For an easier understanding, let's look at the inverse of the equation you posted:

$\frac{\partial\log p(x)}{\partial\theta} = -\frac{\partial\mathcal{F}(x)}{\partial\theta} + \sum_{\tilde{x}} p(\tilde{x})\frac{\partial\mathcal{F}(\tilde{x})}{\partial\theta}$

We want to increase the probability $p(x)$, thus in training we go upwards in the direction of this gradient. As we usually don't like going upwards, but prefer going downwards, one simply inverts the equation and does a gradient descend.

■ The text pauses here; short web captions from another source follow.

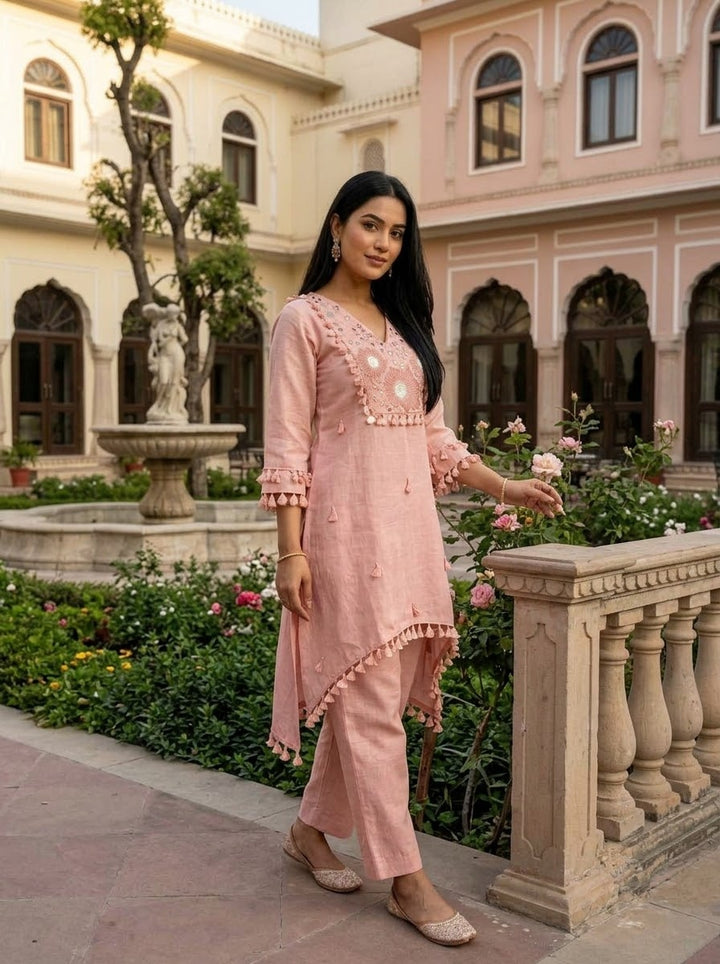 Amora Blush - Embroidered Co-ords Set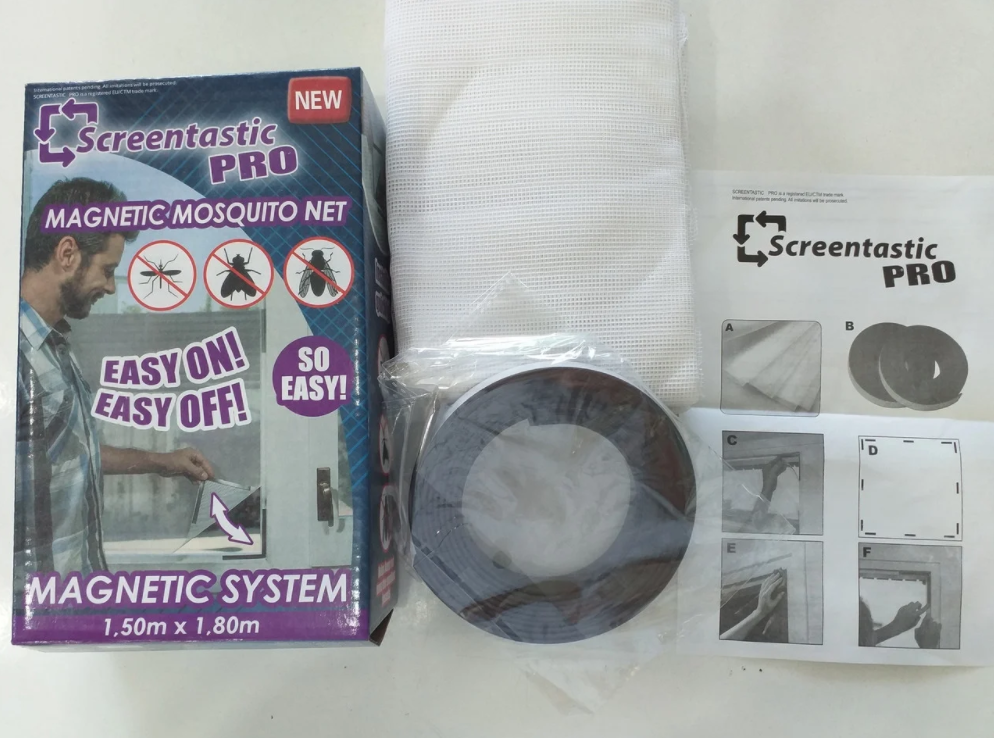 

Антимоскитная сетка на окно MAGNETIC 150х180 см| Москитная сетка на окно с лентой для крепления NO9213, Белый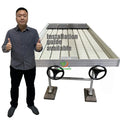 Rolling Movable Hydroponic Abs Ebb 4*8 Flood Tables and Flow Trays Rolling Double Layer 5x5 4x12 for Lattuce Grow System Sale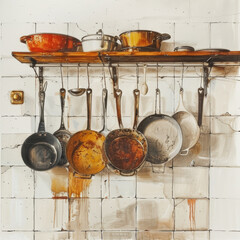 A rustic kitchen scene featuring white tiled cupboard adorned with various pots and pans hanging from wooden shelf. warm colors and textures evoke sense of nostalgia and home cooking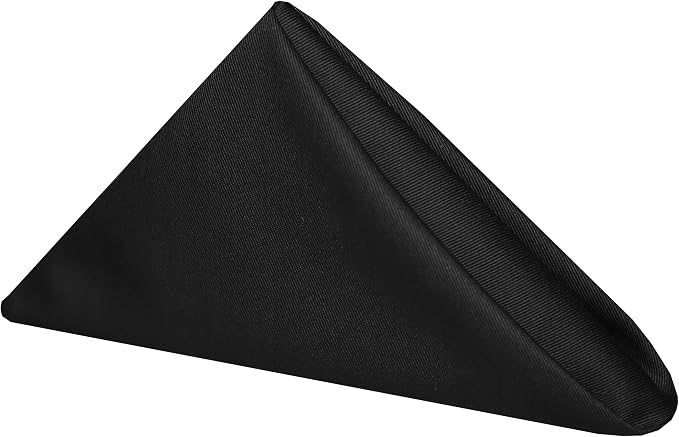 17x17-Inch Square Twill Cloth Napkins, Black, Set of 36 by UltimateTextile
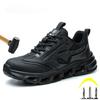 Fashion Black Work Shoes Steel Toe Safety Shoes Mesh Breathable Work Shoes Protective Anti-slip Lightweight Safety Work Sneakers for Men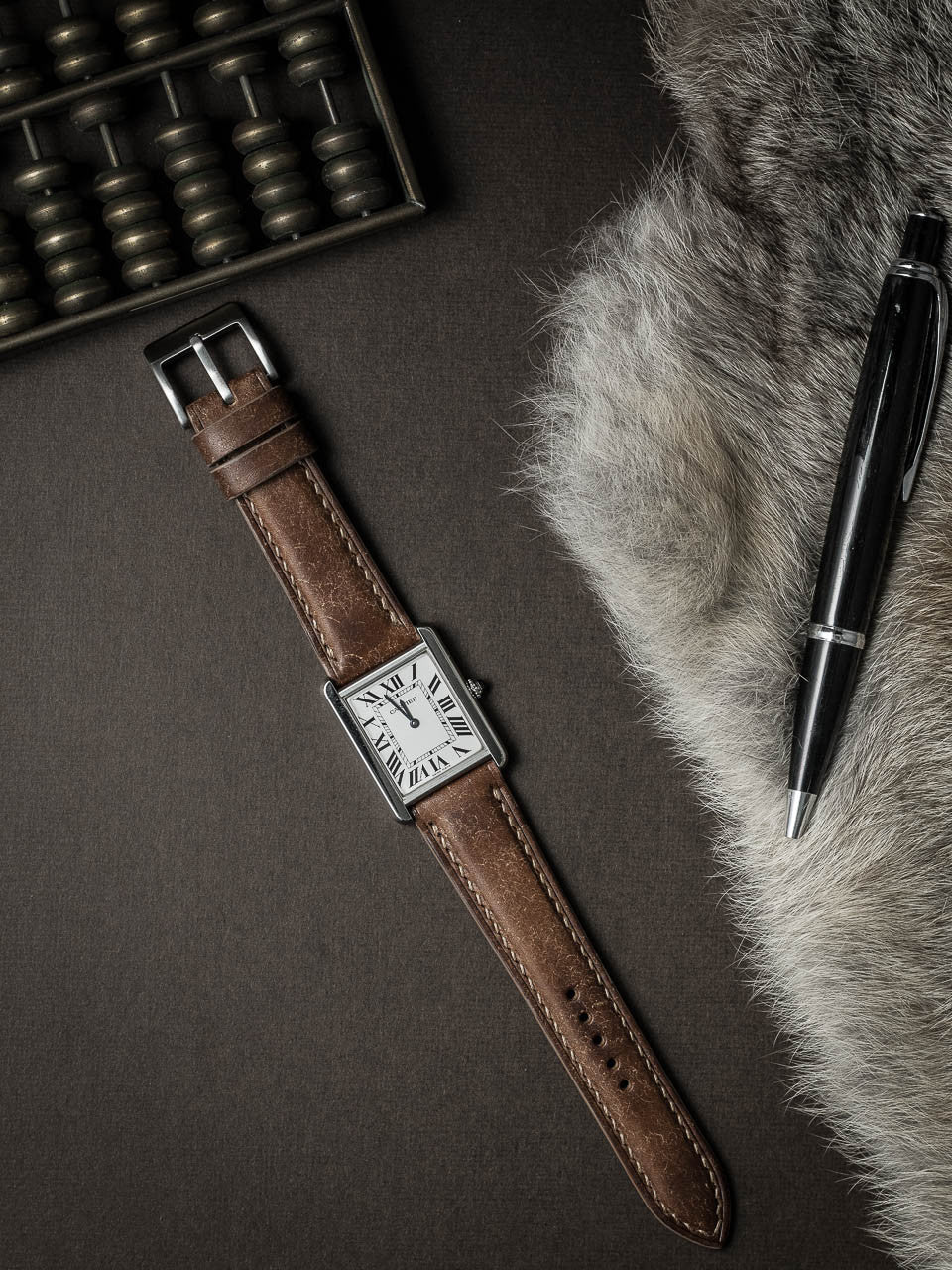 "Cubano" Havana Tan Padded Leather Watch Strap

For the intuition behind the equation, let's stay with this form, where we want to maximize the probability.

For one given training example $x$, the positive phase $-\frac{\partial\mathcal{F}(x)}{\partial\theta}$ is the direction, in which the free energy gets lower. A lower energy corresponds to a higher probability. So, as you already stated, the positive phase increases the probability of the current training example $x$.

The negative phase $\sum_{\tilde{x}} p(\tilde{x})\frac{\partial\mathcal{F}(\tilde{x})}{\partial\theta}$ is a sum over all possible values $\tilde{x}$, i.e. all possible configurations. For each configuration, one calculates the direction in which the free energy gets higher, i.e. the probability gets lower. Each of those is weighted by the probability that this pattern $\tilde{x}$ occurs. The negative phase thus tries to make all possible patterns a bit less likely.